PROVIDED INFORMATION:
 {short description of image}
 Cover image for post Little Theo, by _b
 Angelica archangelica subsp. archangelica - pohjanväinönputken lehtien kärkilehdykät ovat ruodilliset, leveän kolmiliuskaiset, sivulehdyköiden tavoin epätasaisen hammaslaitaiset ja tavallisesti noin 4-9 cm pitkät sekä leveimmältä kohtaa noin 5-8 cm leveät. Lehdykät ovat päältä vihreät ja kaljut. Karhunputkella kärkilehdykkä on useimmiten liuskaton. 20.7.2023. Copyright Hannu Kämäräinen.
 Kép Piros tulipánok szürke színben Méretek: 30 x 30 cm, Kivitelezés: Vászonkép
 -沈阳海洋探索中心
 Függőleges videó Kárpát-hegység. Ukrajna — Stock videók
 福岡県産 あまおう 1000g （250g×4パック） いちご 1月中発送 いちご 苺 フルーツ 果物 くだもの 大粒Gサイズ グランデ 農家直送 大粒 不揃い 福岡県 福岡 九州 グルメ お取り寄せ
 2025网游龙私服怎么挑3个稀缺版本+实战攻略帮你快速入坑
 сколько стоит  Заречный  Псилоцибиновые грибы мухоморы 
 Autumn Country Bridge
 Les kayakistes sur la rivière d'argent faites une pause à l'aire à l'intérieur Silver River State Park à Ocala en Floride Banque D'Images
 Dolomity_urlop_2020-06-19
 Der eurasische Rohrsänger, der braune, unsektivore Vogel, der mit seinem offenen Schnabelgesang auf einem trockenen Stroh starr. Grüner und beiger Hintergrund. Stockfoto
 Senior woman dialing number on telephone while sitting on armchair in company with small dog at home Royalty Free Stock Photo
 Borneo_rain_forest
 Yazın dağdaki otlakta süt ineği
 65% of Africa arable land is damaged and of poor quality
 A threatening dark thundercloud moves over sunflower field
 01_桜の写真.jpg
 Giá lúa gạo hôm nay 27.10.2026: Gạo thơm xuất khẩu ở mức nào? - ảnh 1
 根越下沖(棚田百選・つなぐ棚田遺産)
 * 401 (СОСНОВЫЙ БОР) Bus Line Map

WORK TO BE COMPLETED: When you answer, output each line of the data exactly as given, from its first line up to and including the one with "01_桜の写真.jpg".

OUTPUT:
 {short description of image}
 Cover image for post Little Theo, by _b
 Angelica archangelica subsp. archangelica - pohjanväinönputken lehtien kärkilehdykät ovat ruodilliset, leveän kolmiliuskaiset, sivulehdyköiden tavoin epätasaisen hammaslaitaiset ja tavallisesti noin 4-9 cm pitkät sekä leveimmältä kohtaa noin 5-8 cm leveät. Lehdykät ovat päältä vihreät ja kaljut. Karhunputkella kärkilehdykkä on useimmiten liuskaton. 20.7.2023. Copyright Hannu Kämäräinen.
 Kép Piros tulipánok szürke színben Méretek: 30 x 30 cm, Kivitelezés: Vászonkép
 -沈阳海洋探索中心
 Függőleges videó Kárpát-hegység. Ukrajna — Stock videók
 福岡県産 あまおう 1000g （250g×4パック） いちご 1月中発送 いちご 苺 フルーツ 果物 くだもの 大粒Gサイズ グランデ 農家直送 大粒 不揃い 福岡県 福岡 九州 グルメ お取り寄せ
 2025网游龙私服怎么挑3个稀缺版本+实战攻略帮你快速入坑
 сколько стоит  Заречный  Псилоцибиновые грибы мухоморы 
 Autumn Country Bridge
 Les kayakistes sur la rivière d'argent faites une pause à l'aire à l'intérieur Silver River State Park à Ocala en Floride Banque D'Images
 Dolomity_urlop_2020-06-19
 Der eurasische Rohrsänger, der braune, unsektivore Vogel, der mit seinem offenen Schnabelgesang auf einem trockenen Stroh starr. Grüner und beiger Hintergrund. Stockfoto
 Senior woman dialing number on telephone while sitting on armchair in company with small dog at home Royalty Free Stock Photo
 Borneo_rain_forest
 Yazın dağdaki otlakta süt ineği
 65% of Africa arable land is damaged and of poor quality
 A threatening dark thundercloud moves over sunflower field
 01_桜の写真.jpg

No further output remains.